Le rapport rendu public le 18 septembre n'est pas de nature à infléchir cette position. Il affirme que les mesures prévues n'offrent pas des garanties suffisantes pour assurer le principe de précaution, ni le respect des engagements pris dans le cadre de l’Accord de Paris, pas plus que celui des préférences européennes vis-à-vis des normes environnementales et sanitaires, des normes de travail et du bien-être animal.
C'est pourquoi, le Gouvernement a annoncé que l'Accord avec le Mercosur doit être revu afin, notamment, d'y inclure des dispositions permettant d éviter les effets délétères contre lesquels le rapport met en garde.

L'Accord ne doit pas aggraver la déforestation. L'espace forestier est déjà en voie de réduction pour accroître les terres affectées à l 'élevage et aux cultures, comme le montrent, par exemple, les images d'incendie de la forêt amazonienne au Brésil. L'augmentation de la production de viande bovine par suite de l’ouverture partielle des marchés européens contenue dans l'Accord va accélérer la déforestation importée. Selon l'évaluation faite par le comité d'experts auteur du rapport, cette accélération serait de l'ordre de 5 % par an pendant la période de six ans prévue par l'Accord pour la réduction des tarifs, par rapport à la moyenne des cinq dernières années. Et encore faut-il préciser que ces valeurs ne prennent pas en compte les surfaces supplémentaires des cultures nécessaires pour l’alimentation de la viande bovine, de la volaille et, éventuellement de la canne à sucre.

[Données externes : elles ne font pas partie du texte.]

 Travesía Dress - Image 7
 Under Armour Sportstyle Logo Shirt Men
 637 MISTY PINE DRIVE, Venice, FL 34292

L'Accord ne peut être conclu que si les politiques publiques des pays du Mercosur respectent leurs engagements au titre de l'Accord de Paris. Or l'Accord prévoit certes des clauses rappelant les obligations climatiques des pays signataires mais sans les faire relever du mécanisme de règlement des différends applicable aux autres obligations.

Les produits agroalimentaires importés bénéficiant d’un accès préférentiel au marché de l’Union européenne devront respecter les normes sanitaires et environnementales de l’Union européenne. L'Accord ne le garantit pas . A contraire : selon le rapport,  « il peut augmenter les risques sanitaires en cas d'intensification des échanges et faire craindre un assouplissement de certaines normes dans le cadre du dialogue ». Des exigences liées aux modes de production devraient être incluses.

Un autre point figurant dans le rapport n'a pas été repris dans le communiqué du Gouvernement. Il concerne l'agriculture et l'agroalimentaire, secteurs européens «perdants» de l'Accord et en particulier les produits agricoles sensibles : la volaille, les viandes bovines, le sucre, l’éthanol et le miel. Dans ces secteurs, le rapport prévoit une augmentation des importations qui va fragilise les producteurs agricoles européens si elle entraîne comme on peut le prévoir des baisses de prix sur les marchés européens en raison des faibles coûts de production des produits importés. Or, souligne le rapport, la clause de sauvegarde bilatérale qui permet limiter les effets éventuellement préjudiciables de la libéralisation des échanges pour les producteurs européens de produits agricoles sensibles ne pourra pas résoudre le problème et rétablir un équilibre. Il manque un mécanisme de protection spécifique des filières de production agricole les plus exposées à la concurrence.

La France n'est pas le seul pays membre à se montrer très réticent. Or l'Accord avec le Mercosur doit être ratifié par chaque état membre. L'Allemagne, d'abord acquise à un traité qui ouvrait de nouveaux marchés à son industrie a fait volte face. Et à ce jour, deux parlement nationaux (les parlements autrichien et néerlandais) ont déjà voté contre l'Accord sous sa forme actuelle.

L'avenir du Traité avec le Mercosur est donc sérieusement remis en question.